If you have ever looked at your dog and thought that you have one smart pet, you are not alone. In one study, researchers sent a survey to dog owners and asked them to rate their pet's smartness as compared with a human. Over 70% of respondents felt that their canine friend had the human intelligence of a three-year-old or above. The same study found that over 10% felt that their pet had the smartness of someone 11 years or older.

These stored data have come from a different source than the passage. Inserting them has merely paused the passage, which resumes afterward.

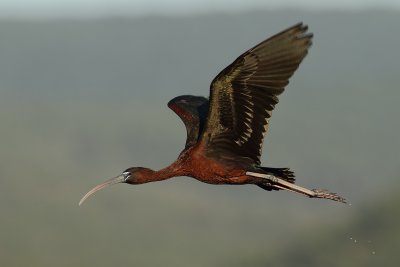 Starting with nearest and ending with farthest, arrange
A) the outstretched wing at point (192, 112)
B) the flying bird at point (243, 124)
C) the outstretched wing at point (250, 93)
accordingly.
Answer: the outstretched wing at point (250, 93), the flying bird at point (243, 124), the outstretched wing at point (192, 112)

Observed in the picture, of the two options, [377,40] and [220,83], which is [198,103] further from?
[377,40]

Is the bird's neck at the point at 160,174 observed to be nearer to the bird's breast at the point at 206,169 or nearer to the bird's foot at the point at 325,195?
the bird's breast at the point at 206,169

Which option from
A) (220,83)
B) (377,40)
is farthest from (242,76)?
(377,40)

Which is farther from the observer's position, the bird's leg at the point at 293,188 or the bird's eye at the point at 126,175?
the bird's eye at the point at 126,175

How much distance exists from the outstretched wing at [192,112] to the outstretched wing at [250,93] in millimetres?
912

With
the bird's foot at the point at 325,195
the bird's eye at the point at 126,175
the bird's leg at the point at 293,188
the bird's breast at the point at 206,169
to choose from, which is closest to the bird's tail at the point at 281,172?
the bird's leg at the point at 293,188

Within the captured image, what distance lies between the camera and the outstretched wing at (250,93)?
21.2m

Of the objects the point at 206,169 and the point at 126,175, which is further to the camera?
the point at 126,175

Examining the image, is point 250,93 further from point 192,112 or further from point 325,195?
point 192,112

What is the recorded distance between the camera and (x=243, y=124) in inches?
893

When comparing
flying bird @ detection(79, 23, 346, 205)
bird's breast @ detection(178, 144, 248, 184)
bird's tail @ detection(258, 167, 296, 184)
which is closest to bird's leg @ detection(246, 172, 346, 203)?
flying bird @ detection(79, 23, 346, 205)

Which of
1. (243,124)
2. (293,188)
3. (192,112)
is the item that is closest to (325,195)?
(293,188)

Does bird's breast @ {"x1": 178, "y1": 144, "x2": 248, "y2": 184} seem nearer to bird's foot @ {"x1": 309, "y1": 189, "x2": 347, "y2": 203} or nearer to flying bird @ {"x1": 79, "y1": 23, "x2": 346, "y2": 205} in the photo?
flying bird @ {"x1": 79, "y1": 23, "x2": 346, "y2": 205}

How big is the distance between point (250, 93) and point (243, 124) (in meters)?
0.76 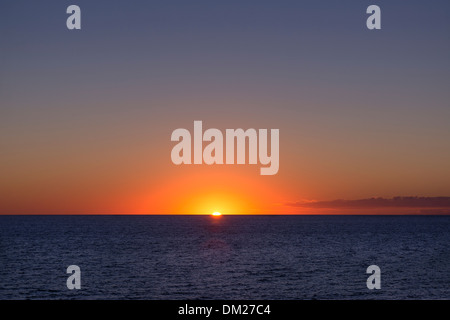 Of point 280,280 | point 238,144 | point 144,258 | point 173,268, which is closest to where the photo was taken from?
point 238,144

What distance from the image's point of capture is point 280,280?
→ 54000 millimetres

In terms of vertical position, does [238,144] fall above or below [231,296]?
above

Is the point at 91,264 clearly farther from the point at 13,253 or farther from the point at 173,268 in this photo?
the point at 13,253

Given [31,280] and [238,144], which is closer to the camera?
[238,144]

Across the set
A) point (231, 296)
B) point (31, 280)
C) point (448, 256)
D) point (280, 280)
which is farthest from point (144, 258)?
point (448, 256)

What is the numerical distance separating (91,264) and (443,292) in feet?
153

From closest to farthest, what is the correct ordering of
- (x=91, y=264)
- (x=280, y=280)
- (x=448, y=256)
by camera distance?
(x=280, y=280), (x=91, y=264), (x=448, y=256) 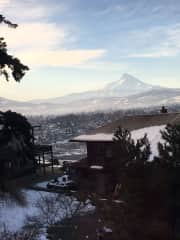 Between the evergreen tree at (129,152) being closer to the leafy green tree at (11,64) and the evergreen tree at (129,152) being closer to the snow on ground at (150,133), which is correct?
the leafy green tree at (11,64)

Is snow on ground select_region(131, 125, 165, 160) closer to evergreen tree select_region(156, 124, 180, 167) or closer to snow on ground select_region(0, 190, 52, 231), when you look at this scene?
snow on ground select_region(0, 190, 52, 231)

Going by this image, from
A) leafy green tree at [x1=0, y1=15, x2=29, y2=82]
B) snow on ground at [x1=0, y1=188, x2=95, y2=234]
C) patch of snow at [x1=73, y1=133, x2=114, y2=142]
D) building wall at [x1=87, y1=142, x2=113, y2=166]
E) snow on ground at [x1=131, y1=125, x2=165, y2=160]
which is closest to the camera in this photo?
leafy green tree at [x1=0, y1=15, x2=29, y2=82]

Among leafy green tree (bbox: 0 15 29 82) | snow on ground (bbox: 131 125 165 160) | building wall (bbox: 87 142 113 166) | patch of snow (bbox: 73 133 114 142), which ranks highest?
leafy green tree (bbox: 0 15 29 82)

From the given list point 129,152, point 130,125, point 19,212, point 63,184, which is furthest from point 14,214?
point 129,152

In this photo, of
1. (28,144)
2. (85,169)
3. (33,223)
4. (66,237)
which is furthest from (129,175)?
(85,169)

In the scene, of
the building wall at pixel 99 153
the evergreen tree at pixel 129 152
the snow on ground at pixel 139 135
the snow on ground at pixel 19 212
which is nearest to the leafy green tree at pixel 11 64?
the evergreen tree at pixel 129 152

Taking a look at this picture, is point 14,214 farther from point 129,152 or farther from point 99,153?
point 129,152

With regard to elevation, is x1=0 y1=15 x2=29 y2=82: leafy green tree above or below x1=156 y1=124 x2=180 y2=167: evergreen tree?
above

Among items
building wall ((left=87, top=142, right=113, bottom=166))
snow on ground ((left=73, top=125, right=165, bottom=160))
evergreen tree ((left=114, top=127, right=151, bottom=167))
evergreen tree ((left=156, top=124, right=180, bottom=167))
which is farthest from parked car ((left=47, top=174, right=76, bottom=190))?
evergreen tree ((left=156, top=124, right=180, bottom=167))

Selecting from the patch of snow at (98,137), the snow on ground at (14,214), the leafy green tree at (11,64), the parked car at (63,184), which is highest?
the leafy green tree at (11,64)

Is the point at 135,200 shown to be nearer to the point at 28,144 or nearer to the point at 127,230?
the point at 127,230

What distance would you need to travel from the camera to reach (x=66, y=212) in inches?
631

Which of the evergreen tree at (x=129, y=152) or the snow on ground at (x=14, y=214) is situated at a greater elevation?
the evergreen tree at (x=129, y=152)

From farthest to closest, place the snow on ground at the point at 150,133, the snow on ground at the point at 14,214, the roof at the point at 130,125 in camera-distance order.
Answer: the roof at the point at 130,125 → the snow on ground at the point at 150,133 → the snow on ground at the point at 14,214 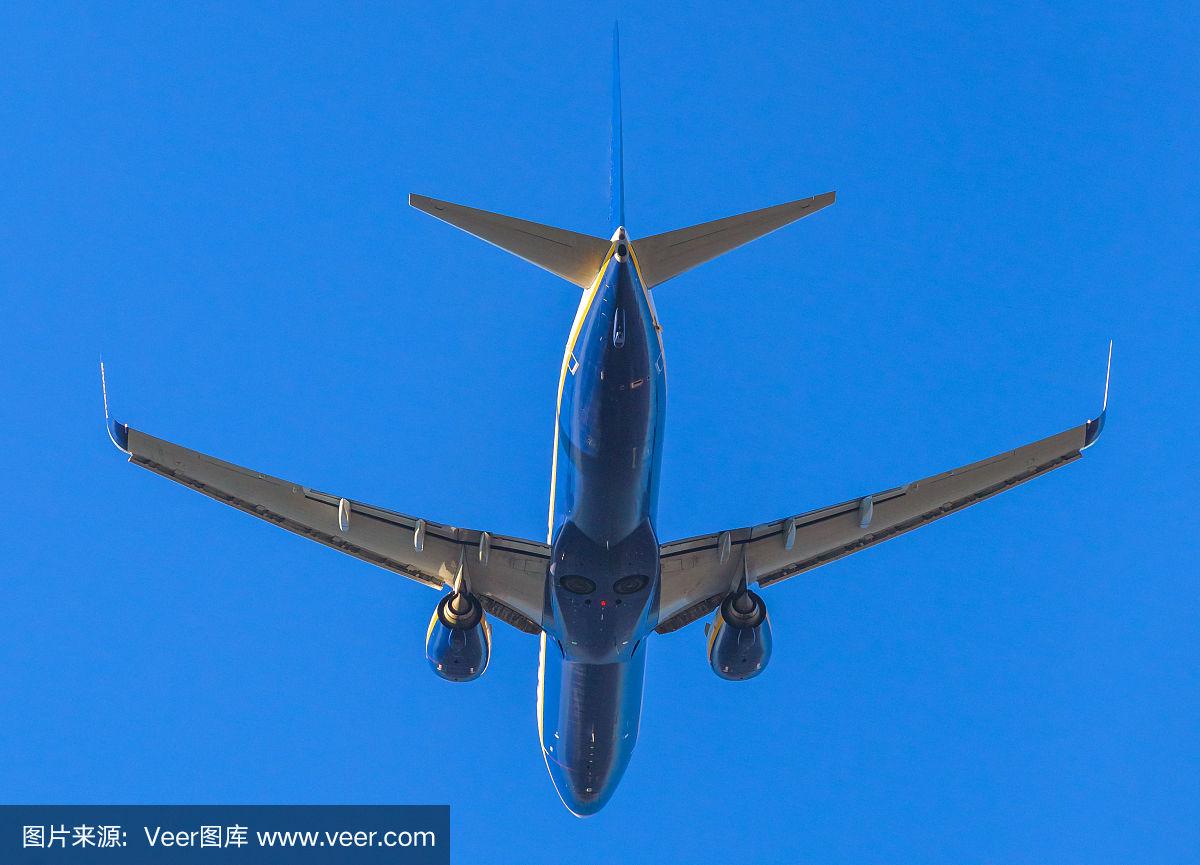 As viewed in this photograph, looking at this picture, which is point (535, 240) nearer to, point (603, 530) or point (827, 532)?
point (603, 530)

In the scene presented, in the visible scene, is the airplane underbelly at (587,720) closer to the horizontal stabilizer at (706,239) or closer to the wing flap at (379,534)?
the wing flap at (379,534)

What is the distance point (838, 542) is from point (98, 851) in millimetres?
18222

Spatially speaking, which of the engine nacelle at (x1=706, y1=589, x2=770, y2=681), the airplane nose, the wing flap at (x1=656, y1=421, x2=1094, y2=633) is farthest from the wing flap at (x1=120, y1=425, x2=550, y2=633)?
the airplane nose

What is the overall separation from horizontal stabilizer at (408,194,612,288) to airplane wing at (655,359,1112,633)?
7.92 meters

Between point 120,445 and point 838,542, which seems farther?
point 838,542

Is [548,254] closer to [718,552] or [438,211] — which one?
[438,211]

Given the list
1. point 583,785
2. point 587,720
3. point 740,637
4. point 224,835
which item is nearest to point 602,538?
point 740,637

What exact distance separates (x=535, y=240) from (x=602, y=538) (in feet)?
18.1

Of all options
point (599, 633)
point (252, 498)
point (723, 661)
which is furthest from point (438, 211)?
point (723, 661)

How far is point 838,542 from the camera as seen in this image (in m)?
29.0

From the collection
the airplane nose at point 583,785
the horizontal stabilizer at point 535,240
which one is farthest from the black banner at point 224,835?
the horizontal stabilizer at point 535,240

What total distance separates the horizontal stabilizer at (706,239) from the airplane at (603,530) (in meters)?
0.03

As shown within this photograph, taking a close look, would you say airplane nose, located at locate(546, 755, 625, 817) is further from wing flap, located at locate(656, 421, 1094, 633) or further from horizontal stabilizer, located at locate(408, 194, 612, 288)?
horizontal stabilizer, located at locate(408, 194, 612, 288)

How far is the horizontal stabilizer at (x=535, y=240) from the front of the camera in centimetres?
2162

Pet owners perceive their dogs as very intelligent pets. They feel they can respond to emotions, figure out puzzles, and interact sociably amongst humans and other dogs. Due to this, there are many canine intelligence research centers at prestigious universities like Yale and Duke. Researchers at these institutions have concluded that dogs are smart pets, but do not possess some superintelligence. Dogs are particularly social creatures, and they have evolved alongside humans over many years Dogs can respond remarkably well to human communication and cues. It's possible to point to a container with food, and, after enough training, the dog will remember and respond to the pointing gesture. There's also evidence to suggest that dogs can respond to human voice intonations and pitches. In short, humans and dogs coexist so well because dogs are smart enough to learn from humans and vice-versa. We can communicate with our canine friends, even if we don't speak the same language.

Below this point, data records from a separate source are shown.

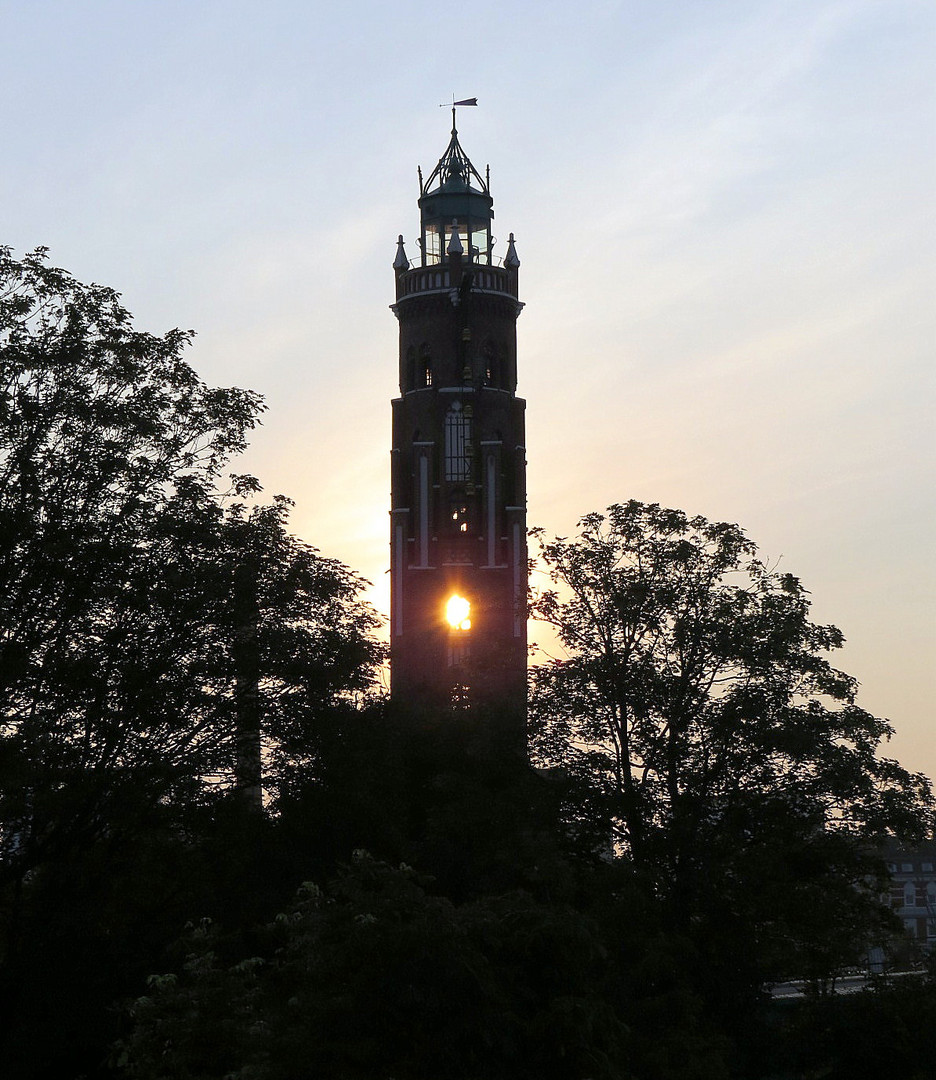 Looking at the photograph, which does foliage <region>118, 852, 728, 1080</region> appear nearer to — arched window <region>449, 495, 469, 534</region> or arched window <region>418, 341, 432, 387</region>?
arched window <region>449, 495, 469, 534</region>

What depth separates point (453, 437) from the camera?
301 ft

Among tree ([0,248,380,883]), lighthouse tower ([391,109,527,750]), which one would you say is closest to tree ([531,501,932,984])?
tree ([0,248,380,883])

Canines are also acutely aware of their physical surroundings. This awareness is evident when training a dog to run through an obstacle course. It is possible to teach a dog to run through a complex set of mazes to find the food, indicating that they have a powerful sense of their surroundings. Other pets, like cats, find these types of large spatial puzzles much more difficult to navigate. Dogs not only do them, but they have fun doing so. It's also interesting to note that there is recent research indicating that dogs have a unique section of the brain dedicated to processing human faces.
Researchers did fMRI scans on dogs and found that when presented with human faces, individual parts of the brain lit up that were not involved in processing faces of other dogs. This research suggests that, since dogs have evolved alongside us, they have particular parts dedicated to interacting with humans. The fact that it is 2019, and we are just discovering that the dog brain can parse human faces separately indicates that they may be intelligent in ways we previously didn't know. Research into canine intelligence and cognition in pets is still in its infancy.

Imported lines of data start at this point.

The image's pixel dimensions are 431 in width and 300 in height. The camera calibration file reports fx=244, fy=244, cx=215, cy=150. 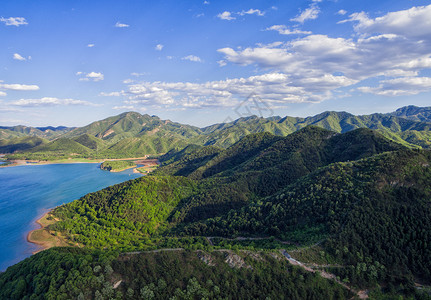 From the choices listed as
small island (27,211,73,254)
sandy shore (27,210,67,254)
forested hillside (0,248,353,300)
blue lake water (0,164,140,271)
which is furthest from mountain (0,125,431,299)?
blue lake water (0,164,140,271)

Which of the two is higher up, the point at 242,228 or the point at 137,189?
the point at 137,189

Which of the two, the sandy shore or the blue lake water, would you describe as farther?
the blue lake water

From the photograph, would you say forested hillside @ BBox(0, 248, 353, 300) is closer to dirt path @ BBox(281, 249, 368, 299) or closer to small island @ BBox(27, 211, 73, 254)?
dirt path @ BBox(281, 249, 368, 299)

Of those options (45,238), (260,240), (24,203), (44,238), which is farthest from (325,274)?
(24,203)

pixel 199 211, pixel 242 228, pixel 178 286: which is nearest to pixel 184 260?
pixel 178 286

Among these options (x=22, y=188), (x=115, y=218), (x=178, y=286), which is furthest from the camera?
(x=22, y=188)

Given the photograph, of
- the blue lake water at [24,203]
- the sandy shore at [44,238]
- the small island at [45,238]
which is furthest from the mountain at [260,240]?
the blue lake water at [24,203]

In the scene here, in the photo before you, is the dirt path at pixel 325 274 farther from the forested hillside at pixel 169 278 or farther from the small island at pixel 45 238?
the small island at pixel 45 238

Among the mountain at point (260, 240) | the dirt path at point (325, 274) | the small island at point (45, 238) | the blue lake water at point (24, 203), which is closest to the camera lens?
the mountain at point (260, 240)

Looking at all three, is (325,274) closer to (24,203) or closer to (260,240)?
(260,240)

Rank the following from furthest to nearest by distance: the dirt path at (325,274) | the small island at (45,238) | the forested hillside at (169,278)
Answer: the small island at (45,238) < the dirt path at (325,274) < the forested hillside at (169,278)

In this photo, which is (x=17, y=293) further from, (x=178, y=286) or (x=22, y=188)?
(x=22, y=188) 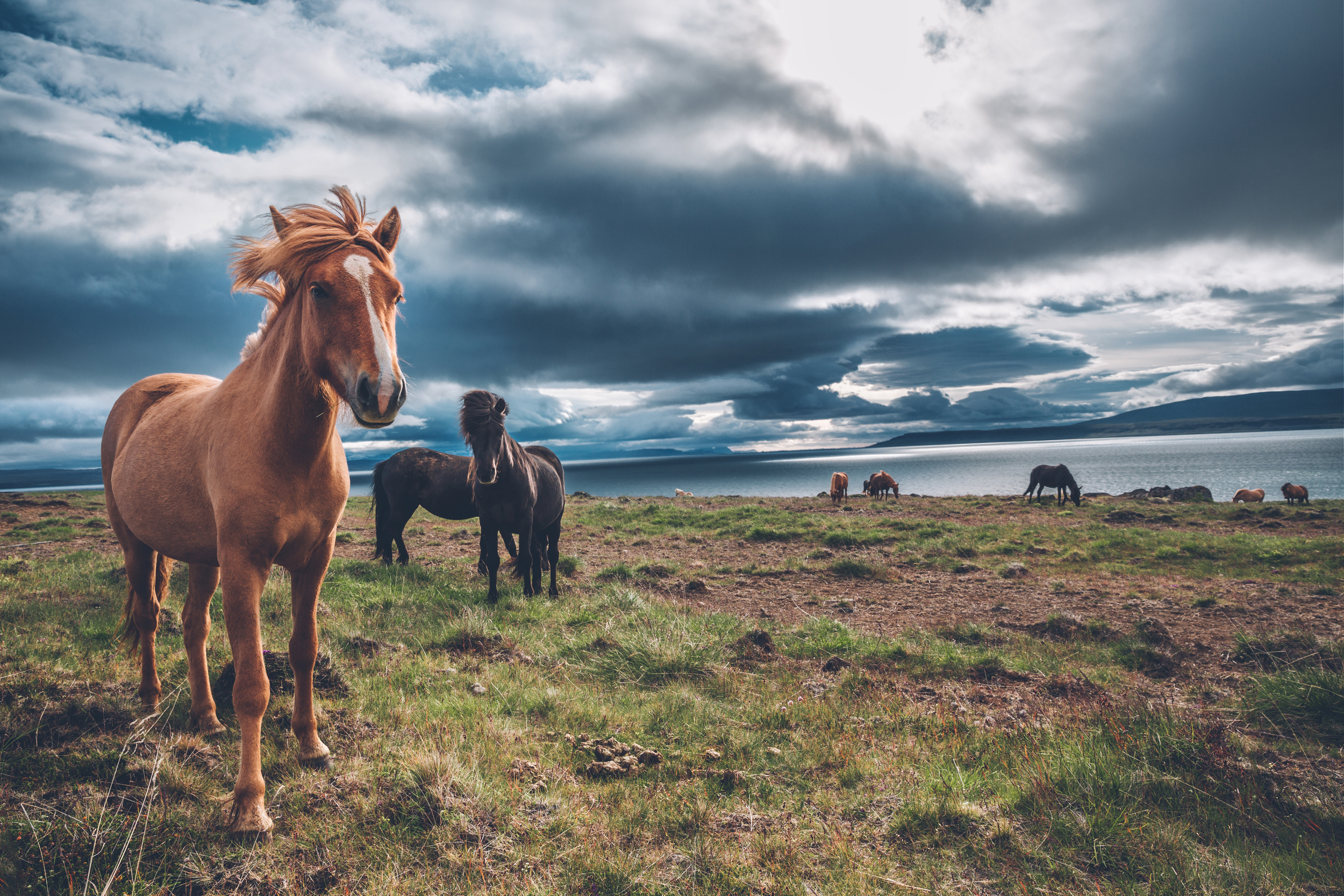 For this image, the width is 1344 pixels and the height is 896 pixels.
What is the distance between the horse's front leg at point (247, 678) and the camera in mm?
3121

Fortunately, many prestigious institutions are dedicating resources and energy to exploring it further. What is clear is that humans perceive their dogs to possess significant intelligence. Research, although still early, is supporting that belief. They may not possess the superintelligence of a 16-year-old human, but they do have many unique attributes and intelligence that make them particularly great companions for humans. If you're a dog owner, you probably knew that already! Rest assured, your dog is smart, and science is backing that up!